Your best Scooby starting point would be the 2005 to 2007 ‘Hawk Eye’ WRX STI, which boasted a longer wheelbase, sharper steering, a larger-capacity 2.5-litre boxer engine for UK models, and DCCD. Prodrive produced a Performance Pack (PPP), which took a standard STI from 276bhp to 316bhp. More extrovert
STI buyers however choose the Black RB320 limited edition – with the PPP, a bespoke chassis (boasting Bilstein dampers, Eibach springs and a lower ride height), a mesh grille and a new front lip spoiler. Japan also received a Spec C and Spec C Type-ra models, with the ‘WRX’ part of the model’s name dropped, simplifying it to the Subaru Impreza STI.
The 2007 RB320 limited edition (produced in memory of Richard Burns, the 2001 WRC World Champion who had died in 2005) had 332lb ft of torque at 3750rpm, with 60mph smashed in just 4.8 seconds. Production finally ended in 2007 to make way for the all-new third generation 2008 Impreza hatchback.

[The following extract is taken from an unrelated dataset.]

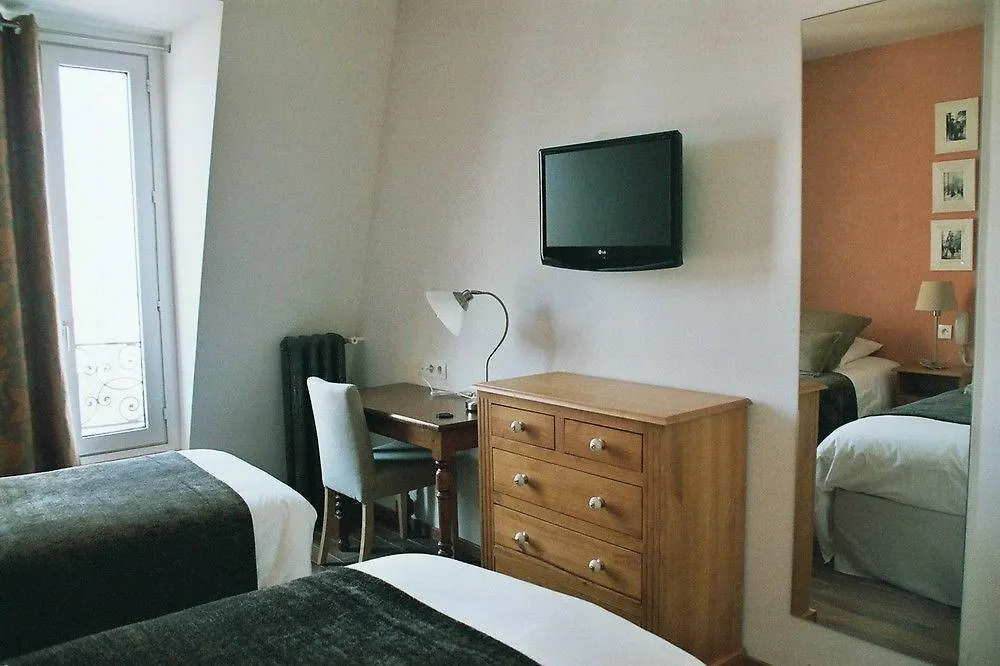 Excelsior Batignolles Hotel Paris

A decent Hawkeye STI will set you back just £9000, and would be the starting point of choice for Subaru tuning guru Matt Baker, of MB Developments. ‘The benefit of this model is the very strong longer-ratio gearbox, with a taller 5-6th gear ratio that will top out at over 200mph with no modifications needed from the drivetrain,’ Matt explains. ‘This means less stress on the engine and turbo with lower revs needed to hit the magical 200mph figure.’
With a revised front end they have a relatively low 0.33 coefficient of drag from the factory, and this can be improved somewhat. ‘Simply slipstreaming the front-end grille and shut lines wherever possible makes a big difference, as well as deleting the OEM air scoop and wing mirrors.’ Keeping the big rear spoiler would be wise, though, to aid stability.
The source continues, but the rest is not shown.